____ PROVIDED RECORDS
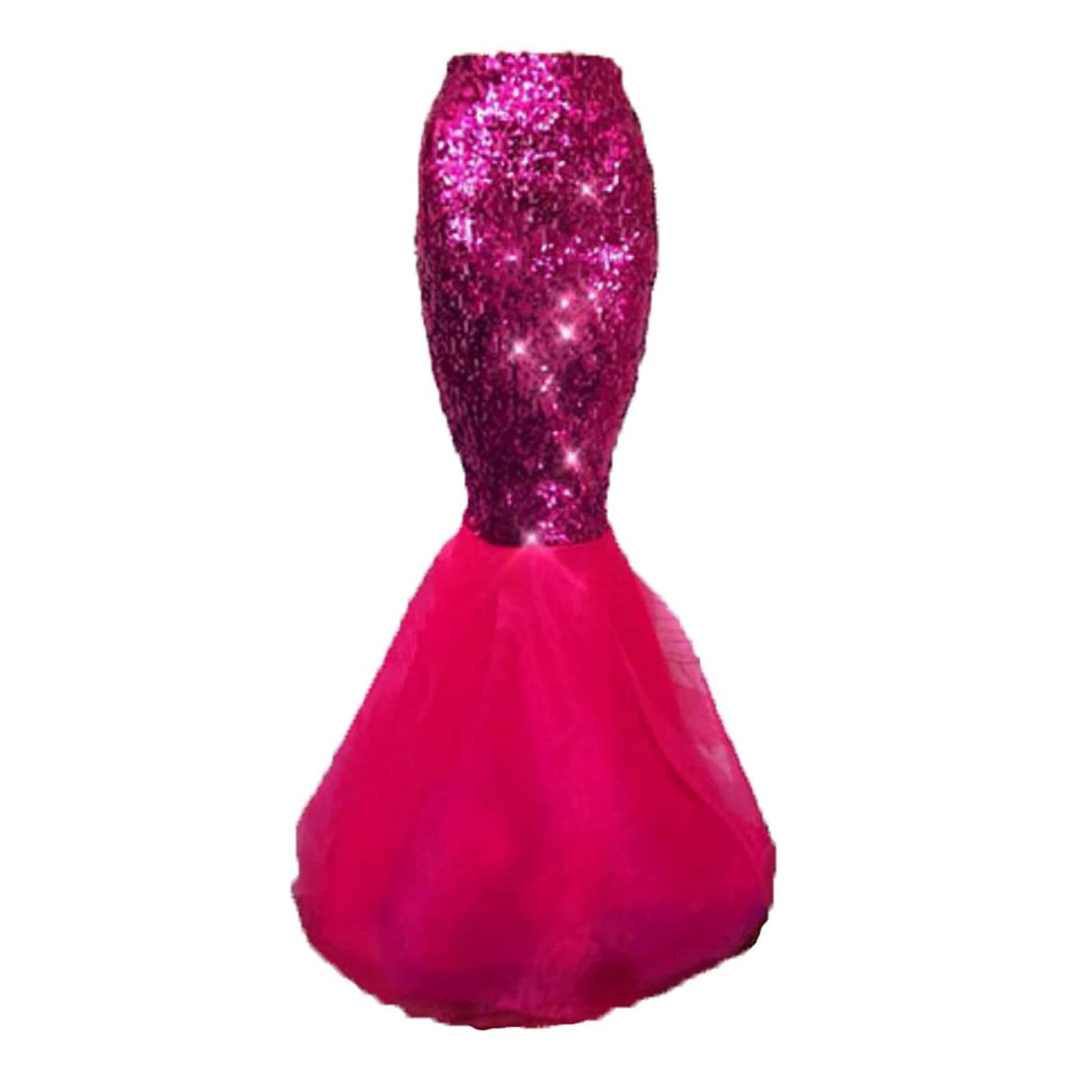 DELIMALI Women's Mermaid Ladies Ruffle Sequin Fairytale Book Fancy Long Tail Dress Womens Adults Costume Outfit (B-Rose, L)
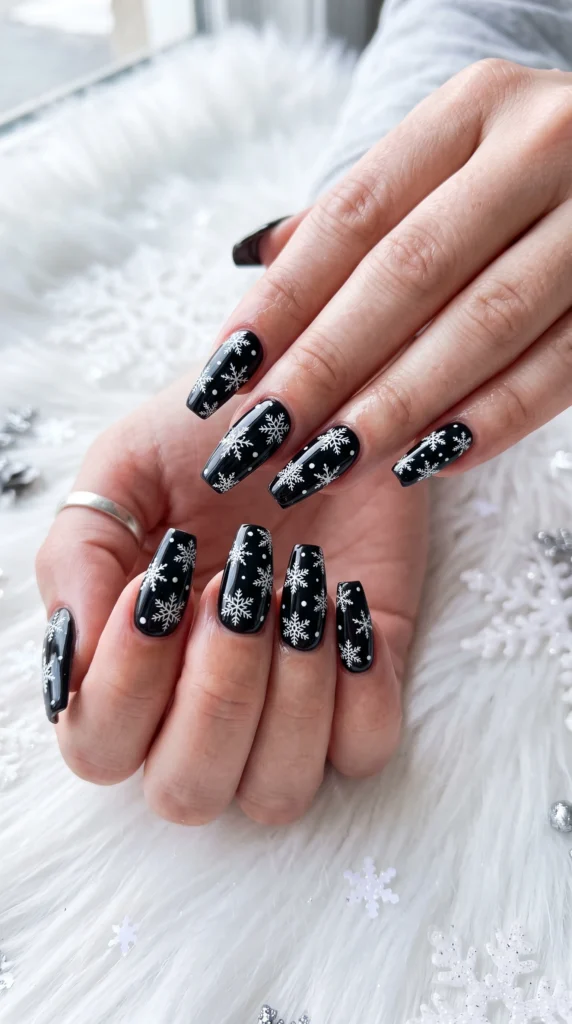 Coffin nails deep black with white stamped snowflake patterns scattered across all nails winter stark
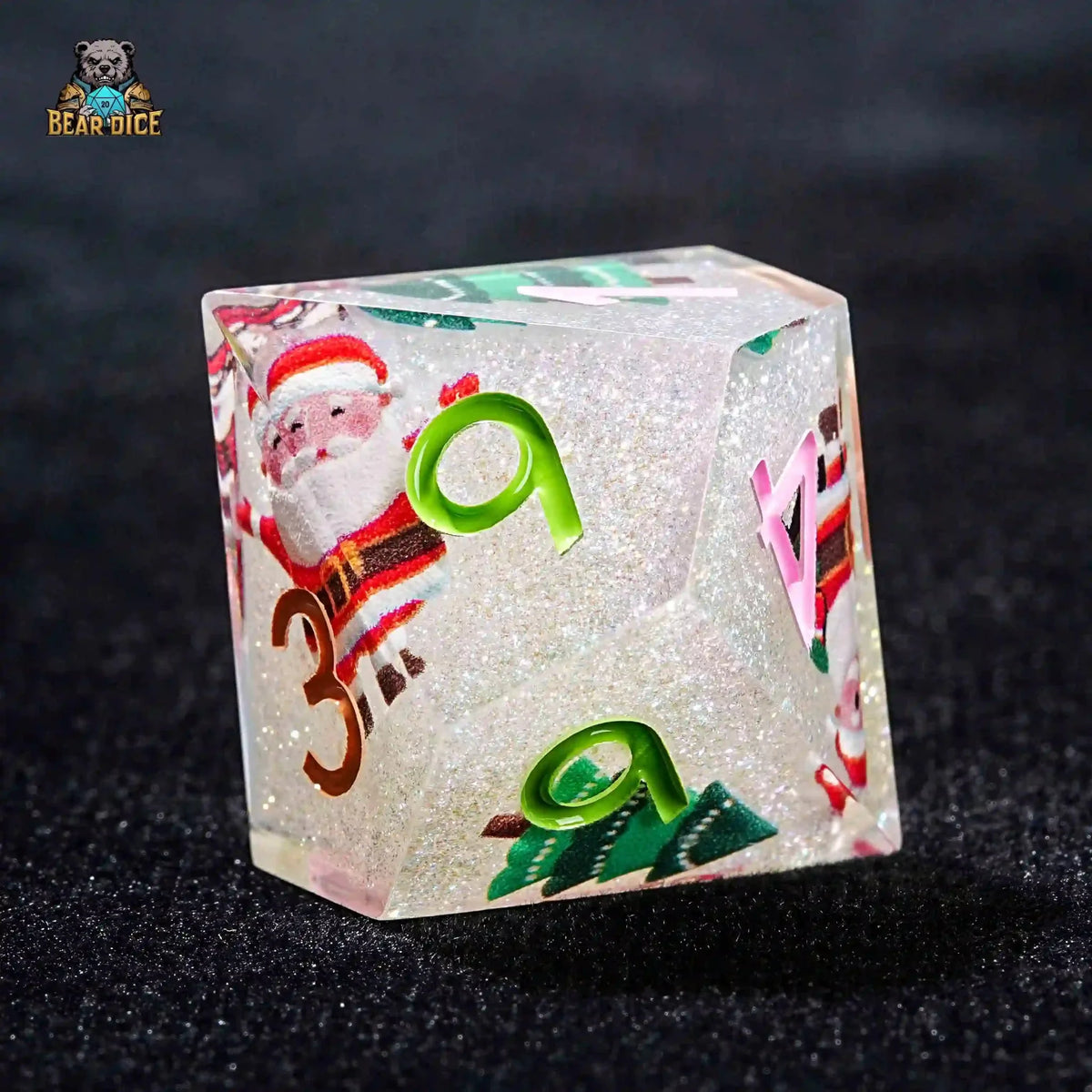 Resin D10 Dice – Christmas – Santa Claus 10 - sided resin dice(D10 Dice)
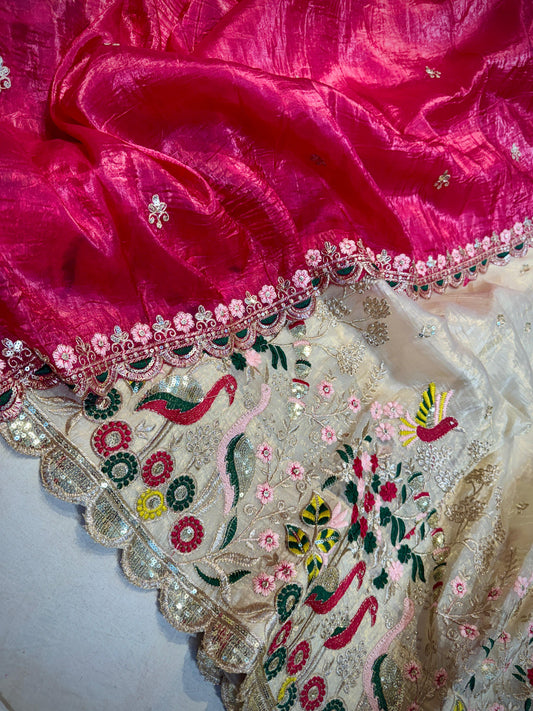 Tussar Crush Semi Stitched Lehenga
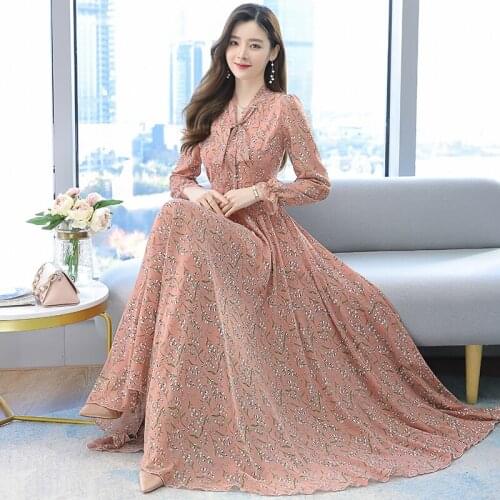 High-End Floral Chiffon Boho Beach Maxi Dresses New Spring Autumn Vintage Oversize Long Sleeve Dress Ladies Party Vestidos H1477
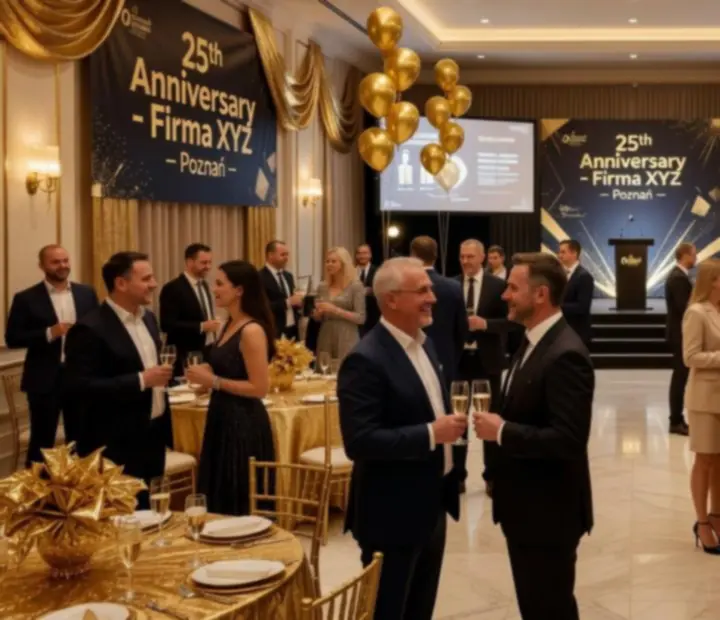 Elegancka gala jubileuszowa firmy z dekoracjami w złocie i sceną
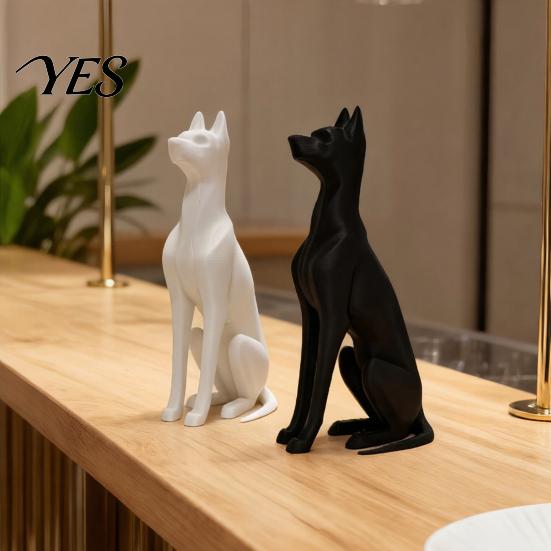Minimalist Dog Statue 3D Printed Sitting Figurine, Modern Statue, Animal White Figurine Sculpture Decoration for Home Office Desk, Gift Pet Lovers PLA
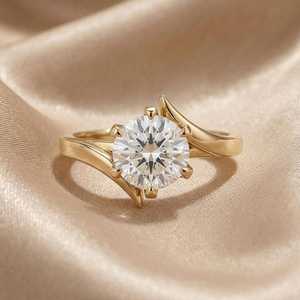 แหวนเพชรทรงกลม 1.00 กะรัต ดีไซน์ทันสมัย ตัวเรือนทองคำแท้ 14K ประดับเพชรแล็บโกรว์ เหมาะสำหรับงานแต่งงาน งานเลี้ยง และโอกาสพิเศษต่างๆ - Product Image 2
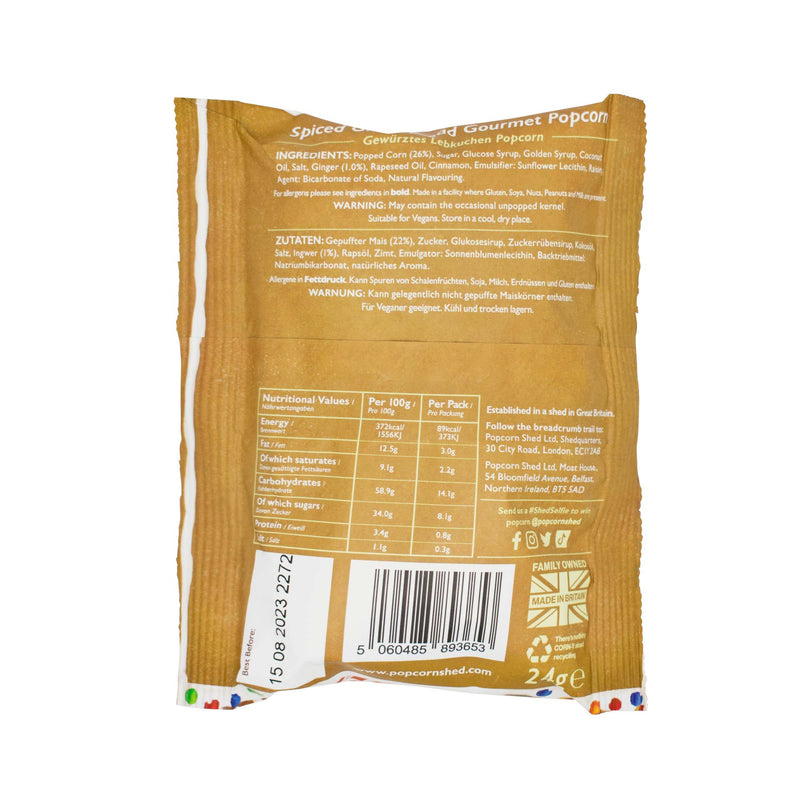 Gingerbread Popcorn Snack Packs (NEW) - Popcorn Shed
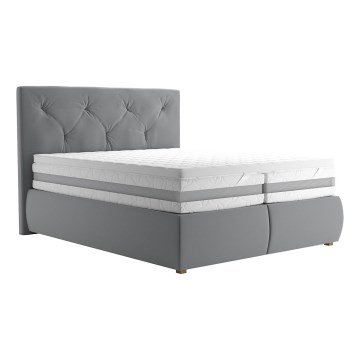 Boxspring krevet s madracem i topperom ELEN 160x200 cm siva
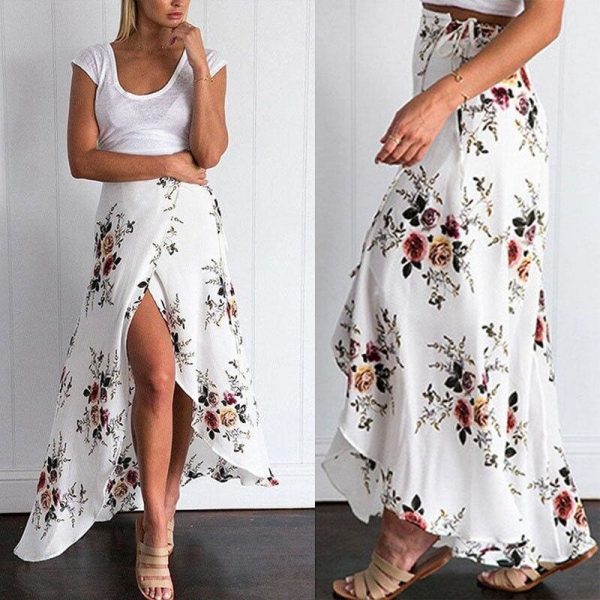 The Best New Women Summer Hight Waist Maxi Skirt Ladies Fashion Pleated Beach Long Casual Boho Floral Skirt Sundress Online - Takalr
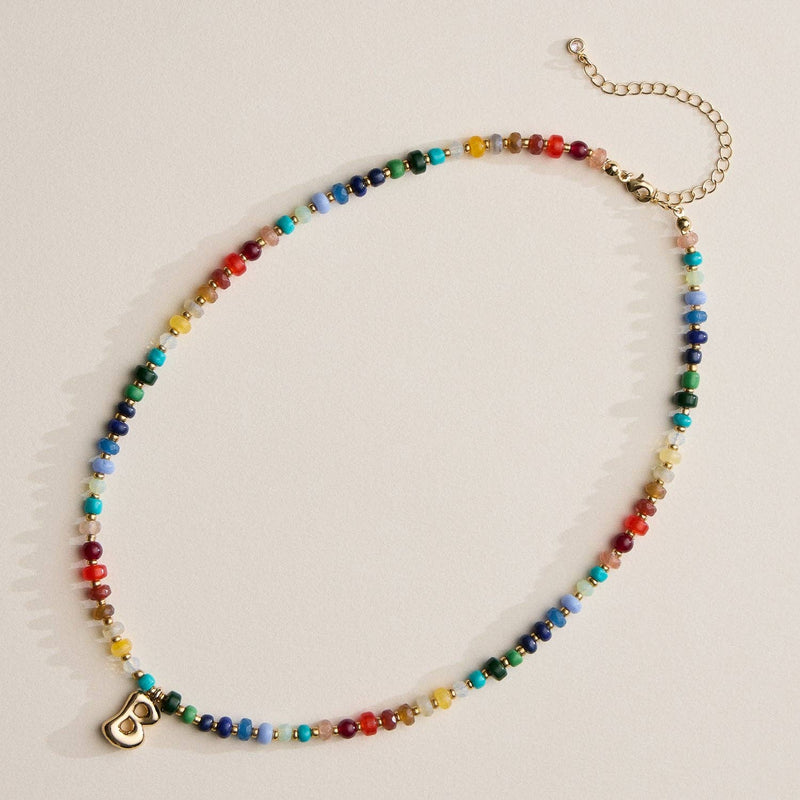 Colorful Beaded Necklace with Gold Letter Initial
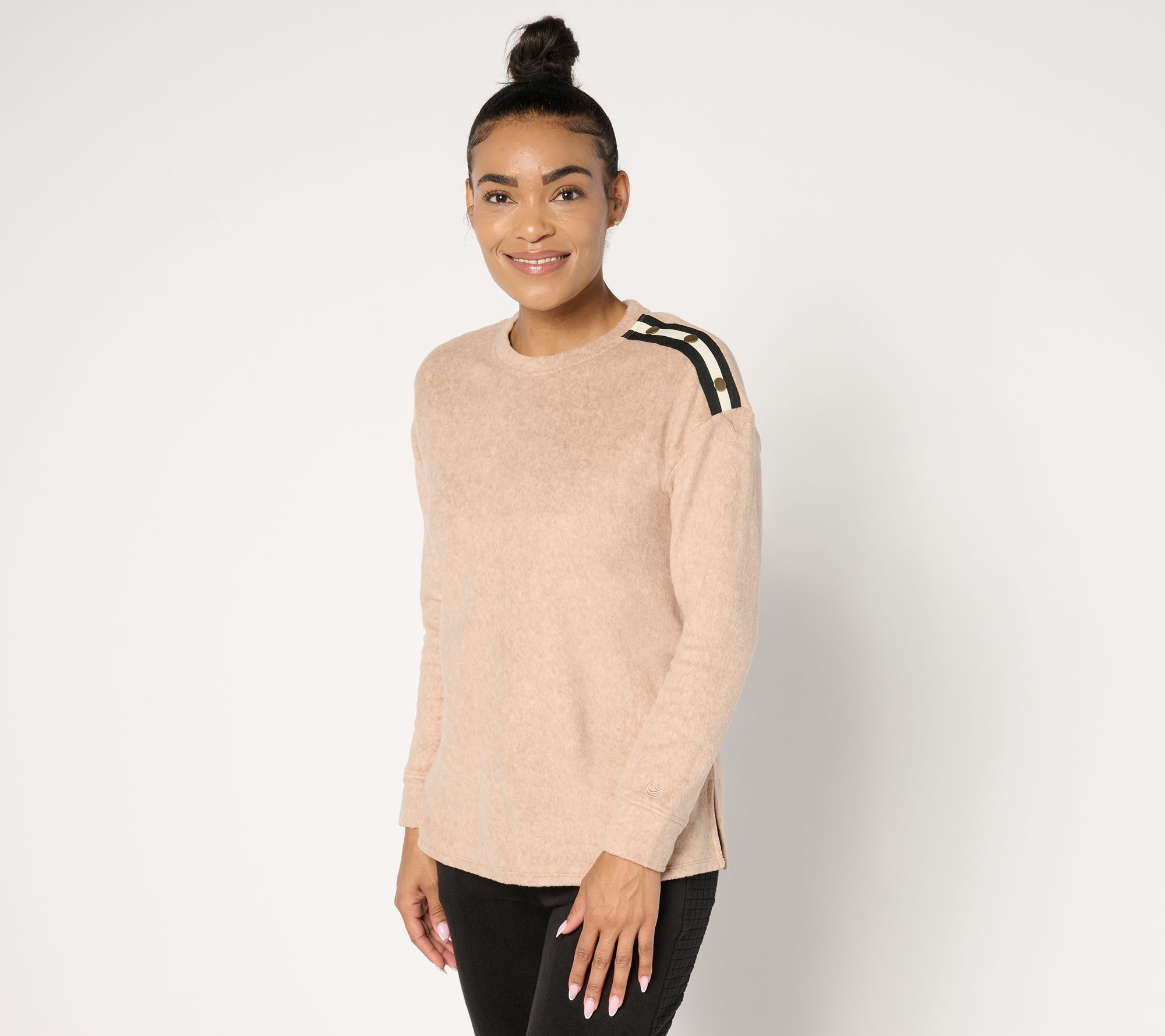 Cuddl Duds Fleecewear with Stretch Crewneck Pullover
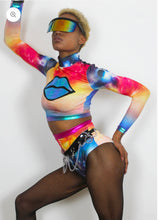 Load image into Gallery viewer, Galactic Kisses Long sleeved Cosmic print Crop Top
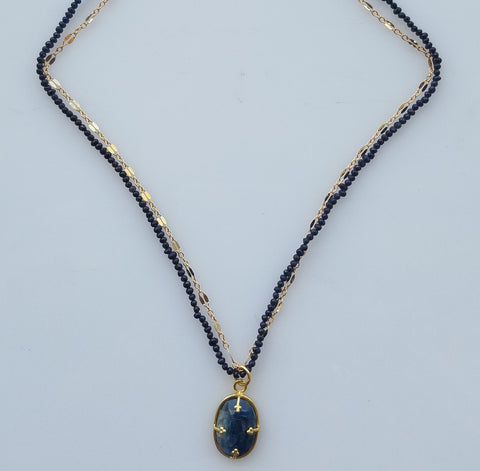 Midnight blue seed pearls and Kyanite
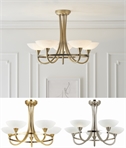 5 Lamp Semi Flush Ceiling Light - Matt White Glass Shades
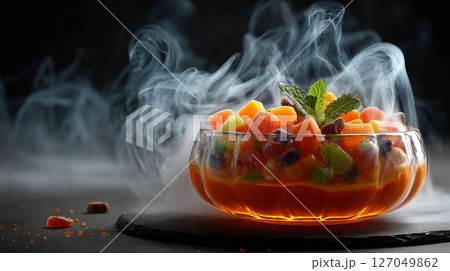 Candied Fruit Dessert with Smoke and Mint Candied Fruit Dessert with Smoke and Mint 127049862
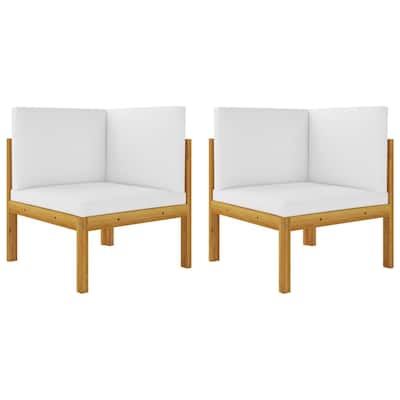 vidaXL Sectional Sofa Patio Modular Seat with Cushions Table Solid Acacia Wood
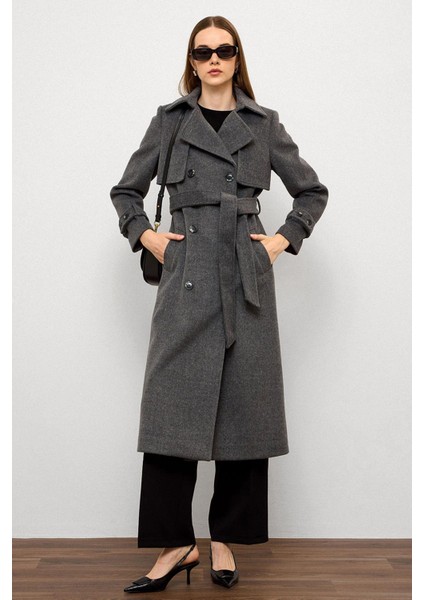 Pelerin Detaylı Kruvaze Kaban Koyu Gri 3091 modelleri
________
PROBLEM TO SOLVE: Please set the data above down exactly, with the pictures removed.

YOUR SOLUTION:
 DELIMALI Women's Mermaid Ladies Ruffle Sequin Fairytale Book Fancy Long Tail Dress Womens Adults Costume Outfit (B-Rose, L)
 Coffin nails deep black with white stamped snowflake patterns scattered across all nails winter stark
 Resin D10 Dice – Christmas – Santa Claus 10 - sided resin dice(D10 Dice)
 Tussar Crush Semi Stitched Lehenga
 High-End Floral Chiffon Boho Beach Maxi Dresses New Spring Autumn Vintage Oversize Long Sleeve Dress Ladies Party Vestidos H1477
 Elegancka gala jubileuszowa firmy z dekoracjami w złocie i sceną
Minimalist Dog Statue 3D Printed Sitting Figurine, Modern Statue, Animal White Figurine Sculpture Decoration for Home Office Desk, Gift Pet Lovers PLA
 แหวนเพชรทรงกลม 1.00 กะรัต ดีไซน์ทันสมัย ตัวเรือนทองคำแท้ 14K ประดับเพชรแล็บโกรว์ เหมาะสำหรับงานแต่งงาน งานเลี้ยง และโอกาสพิเศษต่างๆ - Product Image 2
 Gingerbread Popcorn Snack Packs (NEW) - Popcorn Shed
 Boxspring krevet s madracem i topperom ELEN 160x200 cm siva
 The Best New Women Summer Hight Waist Maxi Skirt Ladies Fashion Pleated Beach Long Casual Boho Floral Skirt Sundress Online - Takalr
 Colorful Beaded Necklace with Gold Letter Initial
 Cuddl Duds Fleecewear with Stretch Crewneck Pullover
 Load image into Gallery viewer, Galactic Kisses Long sleeved Cosmic print Crop Top
 Midnight blue seed pearls and Kyanite
 5 Lamp Semi Flush Ceiling Light - Matt White Glass Shades
 Candied Fruit Dessert with Smoke and Mint Candied Fruit Dessert with Smoke and Mint 127049862
 vidaXL Sectional Sofa Patio Modular Seat with Cushions Table Solid Acacia Wood
 Pelerin Detaylı Kruvaze Kaban Koyu Gri 3091 modelleri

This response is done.